▸ What to do: Pick out every line in the data below that holds "Blue".

▸ Information provided:
-------------------------
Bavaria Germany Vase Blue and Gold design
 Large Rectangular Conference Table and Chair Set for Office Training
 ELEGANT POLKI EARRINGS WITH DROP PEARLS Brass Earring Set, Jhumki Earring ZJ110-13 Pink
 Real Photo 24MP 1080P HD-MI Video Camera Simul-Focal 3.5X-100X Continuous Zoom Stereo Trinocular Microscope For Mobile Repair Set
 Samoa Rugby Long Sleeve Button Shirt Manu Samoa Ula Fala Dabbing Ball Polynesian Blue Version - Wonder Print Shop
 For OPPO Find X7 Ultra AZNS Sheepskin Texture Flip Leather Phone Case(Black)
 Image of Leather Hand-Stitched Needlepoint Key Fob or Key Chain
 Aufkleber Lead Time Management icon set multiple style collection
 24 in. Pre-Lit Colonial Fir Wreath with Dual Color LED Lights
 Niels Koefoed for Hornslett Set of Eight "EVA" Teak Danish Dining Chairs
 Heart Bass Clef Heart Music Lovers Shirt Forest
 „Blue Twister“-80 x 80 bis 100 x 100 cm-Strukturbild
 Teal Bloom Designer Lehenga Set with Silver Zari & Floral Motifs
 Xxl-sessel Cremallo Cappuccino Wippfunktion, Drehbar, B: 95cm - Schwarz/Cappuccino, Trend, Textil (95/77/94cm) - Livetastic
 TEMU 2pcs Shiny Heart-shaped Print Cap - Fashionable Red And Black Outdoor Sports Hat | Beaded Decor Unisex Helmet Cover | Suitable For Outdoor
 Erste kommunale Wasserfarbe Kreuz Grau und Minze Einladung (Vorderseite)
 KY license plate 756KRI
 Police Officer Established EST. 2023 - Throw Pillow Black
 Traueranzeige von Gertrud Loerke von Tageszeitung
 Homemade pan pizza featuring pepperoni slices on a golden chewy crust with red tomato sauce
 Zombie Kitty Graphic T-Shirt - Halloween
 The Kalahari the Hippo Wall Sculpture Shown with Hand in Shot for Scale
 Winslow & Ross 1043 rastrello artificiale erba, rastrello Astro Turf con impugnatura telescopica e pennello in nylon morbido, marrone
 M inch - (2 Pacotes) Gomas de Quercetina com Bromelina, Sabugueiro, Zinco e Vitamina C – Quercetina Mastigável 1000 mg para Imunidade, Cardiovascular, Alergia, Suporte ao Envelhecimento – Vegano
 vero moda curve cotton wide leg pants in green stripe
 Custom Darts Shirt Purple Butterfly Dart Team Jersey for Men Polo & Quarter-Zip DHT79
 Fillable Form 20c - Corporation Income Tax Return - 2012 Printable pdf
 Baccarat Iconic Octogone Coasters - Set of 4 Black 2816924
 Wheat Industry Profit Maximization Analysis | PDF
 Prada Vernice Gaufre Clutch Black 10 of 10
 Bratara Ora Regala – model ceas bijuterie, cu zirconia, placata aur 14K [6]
-------------------------
▸ Result:
Bavaria Germany Vase Blue and Gold design
 Samoa Rugby Long Sleeve Button Shirt Manu Samoa Ula Fala Dabbing Ball Polynesian Blue Version - Wonder Print Shop
 „Blue Twister“-80 x 80 bis 100 x 100 cm-Strukturbild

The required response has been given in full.